**DESCRIPTION OF THE TASK**
Word for word, retype every record in the listing.

**DATA SECTION**
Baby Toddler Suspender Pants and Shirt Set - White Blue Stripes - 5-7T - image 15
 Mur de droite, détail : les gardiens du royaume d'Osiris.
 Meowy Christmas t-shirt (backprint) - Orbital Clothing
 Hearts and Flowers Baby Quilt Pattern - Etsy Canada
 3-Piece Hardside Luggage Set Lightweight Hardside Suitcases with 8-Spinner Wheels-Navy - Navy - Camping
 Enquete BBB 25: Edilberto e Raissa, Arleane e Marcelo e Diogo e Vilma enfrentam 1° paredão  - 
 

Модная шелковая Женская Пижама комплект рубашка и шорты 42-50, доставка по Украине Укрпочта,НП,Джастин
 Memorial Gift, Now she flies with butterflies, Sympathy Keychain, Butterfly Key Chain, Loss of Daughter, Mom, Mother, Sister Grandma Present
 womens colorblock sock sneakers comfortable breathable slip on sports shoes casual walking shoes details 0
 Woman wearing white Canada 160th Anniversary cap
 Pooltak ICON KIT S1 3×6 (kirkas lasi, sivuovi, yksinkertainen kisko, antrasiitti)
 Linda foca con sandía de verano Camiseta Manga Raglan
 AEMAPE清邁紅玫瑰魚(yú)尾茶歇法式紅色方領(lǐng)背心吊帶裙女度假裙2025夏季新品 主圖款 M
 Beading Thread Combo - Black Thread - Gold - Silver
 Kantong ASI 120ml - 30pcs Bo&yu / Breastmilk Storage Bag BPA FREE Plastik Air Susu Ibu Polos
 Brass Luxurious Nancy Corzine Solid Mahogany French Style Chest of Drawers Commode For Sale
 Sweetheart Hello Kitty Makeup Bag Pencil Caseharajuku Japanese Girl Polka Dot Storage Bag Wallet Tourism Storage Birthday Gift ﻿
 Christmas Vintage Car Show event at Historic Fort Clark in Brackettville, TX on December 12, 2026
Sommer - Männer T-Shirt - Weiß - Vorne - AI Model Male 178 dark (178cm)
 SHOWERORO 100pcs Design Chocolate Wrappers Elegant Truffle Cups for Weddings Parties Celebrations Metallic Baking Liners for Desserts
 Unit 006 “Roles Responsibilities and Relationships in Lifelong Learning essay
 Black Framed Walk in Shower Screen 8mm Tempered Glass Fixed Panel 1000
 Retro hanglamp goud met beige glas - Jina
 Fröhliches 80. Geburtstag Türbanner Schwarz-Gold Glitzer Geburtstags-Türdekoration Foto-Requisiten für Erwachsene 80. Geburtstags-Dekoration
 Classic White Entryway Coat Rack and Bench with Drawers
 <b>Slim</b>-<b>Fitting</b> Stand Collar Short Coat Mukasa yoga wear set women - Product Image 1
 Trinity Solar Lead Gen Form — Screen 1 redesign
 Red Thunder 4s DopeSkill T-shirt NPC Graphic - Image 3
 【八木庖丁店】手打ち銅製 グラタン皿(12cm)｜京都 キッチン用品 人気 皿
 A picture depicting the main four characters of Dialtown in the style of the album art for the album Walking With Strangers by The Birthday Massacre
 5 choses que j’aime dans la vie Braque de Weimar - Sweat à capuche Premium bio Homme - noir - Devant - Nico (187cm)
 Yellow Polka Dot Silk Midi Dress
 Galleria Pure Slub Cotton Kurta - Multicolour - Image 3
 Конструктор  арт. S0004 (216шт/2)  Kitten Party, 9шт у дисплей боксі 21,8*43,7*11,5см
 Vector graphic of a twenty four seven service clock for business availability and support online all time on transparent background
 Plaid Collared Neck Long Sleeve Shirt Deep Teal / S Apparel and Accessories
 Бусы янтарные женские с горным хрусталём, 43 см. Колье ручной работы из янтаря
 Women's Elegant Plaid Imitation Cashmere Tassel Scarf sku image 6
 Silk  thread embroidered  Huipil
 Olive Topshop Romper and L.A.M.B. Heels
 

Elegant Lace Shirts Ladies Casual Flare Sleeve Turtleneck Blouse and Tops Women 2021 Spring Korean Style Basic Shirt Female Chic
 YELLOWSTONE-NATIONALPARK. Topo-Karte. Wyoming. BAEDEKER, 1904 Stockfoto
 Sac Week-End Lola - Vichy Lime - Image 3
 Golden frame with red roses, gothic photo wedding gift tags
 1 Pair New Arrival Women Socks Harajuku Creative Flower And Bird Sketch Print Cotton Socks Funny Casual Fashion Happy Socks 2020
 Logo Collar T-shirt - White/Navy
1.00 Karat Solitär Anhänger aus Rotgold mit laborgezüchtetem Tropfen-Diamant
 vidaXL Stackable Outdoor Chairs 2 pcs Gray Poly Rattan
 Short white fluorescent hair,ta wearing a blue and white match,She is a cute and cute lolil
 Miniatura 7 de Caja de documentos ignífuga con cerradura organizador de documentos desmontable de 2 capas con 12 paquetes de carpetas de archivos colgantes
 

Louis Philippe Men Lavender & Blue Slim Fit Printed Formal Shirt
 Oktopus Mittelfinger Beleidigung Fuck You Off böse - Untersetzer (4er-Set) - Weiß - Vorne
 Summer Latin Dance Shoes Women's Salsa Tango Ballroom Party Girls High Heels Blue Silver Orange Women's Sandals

**YOUR SOLUTION**
Baby Toddler Suspender Pants and Shirt Set - White Blue Stripes - 5-7T - image 15
 Mur de droite, détail : les gardiens du royaume d'Osiris.
 Meowy Christmas t-shirt (backprint) - Orbital Clothing
 Hearts and Flowers Baby Quilt Pattern - Etsy Canada
 3-Piece Hardside Luggage Set Lightweight Hardside Suitcases with 8-Spinner Wheels-Navy - Navy - Camping
 Enquete BBB 25: Edilberto e Raissa, Arleane e Marcelo e Diogo e Vilma enfrentam 1° paredão  - 
 

Модная шелковая Женская Пижама комплект рубашка и шорты 42-50, доставка по Украине Укрпочта,НП,Джастин
 Memorial Gift, Now she flies with butterflies, Sympathy Keychain, Butterfly Key Chain, Loss of Daughter, Mom, Mother, Sister Grandma Present
 womens colorblock sock sneakers comfortable breathable slip on sports shoes casual walking shoes details 0
 Woman wearing white Canada 160th Anniversary cap
 Pooltak ICON KIT S1 3×6 (kirkas lasi, sivuovi, yksinkertainen kisko, antrasiitti)
 Linda foca con sandía de verano Camiseta Manga Raglan
 AEMAPE清邁紅玫瑰魚(yú)尾茶歇法式紅色方領(lǐng)背心吊帶裙女度假裙2025夏季新品 主圖款 M
 Beading Thread Combo - Black Thread - Gold - Silver
 Kantong ASI 120ml - 30pcs Bo&yu / Breastmilk Storage Bag BPA FREE Plastik Air Susu Ibu Polos
 Brass Luxurious Nancy Corzine Solid Mahogany French Style Chest of Drawers Commode For Sale
 Sweetheart Hello Kitty Makeup Bag Pencil Caseharajuku Japanese Girl Polka Dot Storage Bag Wallet Tourism Storage Birthday Gift ﻿
 Christmas Vintage Car Show event at Historic Fort Clark in Brackettville, TX on December 12, 2026
Sommer - Männer T-Shirt - Weiß - Vorne - AI Model Male 178 dark (178cm)
 SHOWERORO 100pcs Design Chocolate Wrappers Elegant Truffle Cups for Weddings Parties Celebrations Metallic Baking Liners for Desserts
 Unit 006 “Roles Responsibilities and Relationships in Lifelong Learning essay
 Black Framed Walk in Shower Screen 8mm Tempered Glass Fixed Panel 1000
 Retro hanglamp goud met beige glas - Jina
 Fröhliches 80. Geburtstag Türbanner Schwarz-Gold Glitzer Geburtstags-Türdekoration Foto-Requisiten für Erwachsene 80. Geburtstags-Dekoration
 Classic White Entryway Coat Rack and Bench with Drawers
 <b>Slim</b>-<b>Fitting</b> Stand Collar Short Coat Mukasa yoga wear set women - Product Image 1
 Trinity Solar Lead Gen Form — Screen 1 redesign
 Red Thunder 4s DopeSkill T-shirt NPC Graphic - Image 3
 【八木庖丁店】手打ち銅製 グラタン皿(12cm)｜京都 キッチン用品 人気 皿
 A picture depicting the main four characters of Dialtown in the style of the album art for the album Walking With Strangers by The Birthday Massacre
 5 choses que j’aime dans la vie Braque de Weimar - Sweat à capuche Premium bio Homme - noir - Devant - Nico (187cm)
 Yellow Polka Dot Silk Midi Dress
 Galleria Pure Slub Cotton Kurta - Multicolour - Image 3
 Конструктор  арт. S0004 (216шт/2)  Kitten Party, 9шт у дисплей боксі 21,8*43,7*11,5см
 Vector graphic of a twenty four seven service clock for business availability and support online all time on transparent background
 Plaid Collared Neck Long Sleeve Shirt Deep Teal / S Apparel and Accessories
 Бусы янтарные женские с горным хрусталём, 43 см. Колье ручной работы из янтаря
 Women's Elegant Plaid Imitation Cashmere Tassel Scarf sku image 6
 Silk  thread embroidered  Huipil
 Olive Topshop Romper and L.A.M.B. Heels
 

Elegant Lace Shirts Ladies Casual Flare Sleeve Turtleneck Blouse and Tops Women 2021 Spring Korean Style Basic Shirt Female Chic
 YELLOWSTONE-NATIONALPARK. Topo-Karte. Wyoming. BAEDEKER, 1904 Stockfoto
 Sac Week-End Lola - Vichy Lime - Image 3
 Golden frame with red roses, gothic photo wedding gift tags
 1 Pair New Arrival Women Socks Harajuku Creative Flower And Bird Sketch Print Cotton Socks Funny Casual Fashion Happy Socks 2020
 Logo Collar T-shirt - White/Navy
1.00 Karat Solitär Anhänger aus Rotgold mit laborgezüchtetem Tropfen-Diamant
 vidaXL Stackable Outdoor Chairs 2 pcs Gray Poly Rattan
 Short white fluorescent hair,ta wearing a blue and white match,She is a cute and cute lolil
 Miniatura 7 de Caja de documentos ignífuga con cerradura organizador de documentos desmontable de 2 capas con 12 paquetes de carpetas de archivos colgantes
 

Louis Philippe Men Lavender & Blue Slim Fit Printed Formal Shirt
 Oktopus Mittelfinger Beleidigung Fuck You Off böse - Untersetzer (4er-Set) - Weiß - Vorne
 Summer Latin Dance Shoes Women's Salsa Tango Ballroom Party Girls High Heels Blue Silver Orange Women's Sandals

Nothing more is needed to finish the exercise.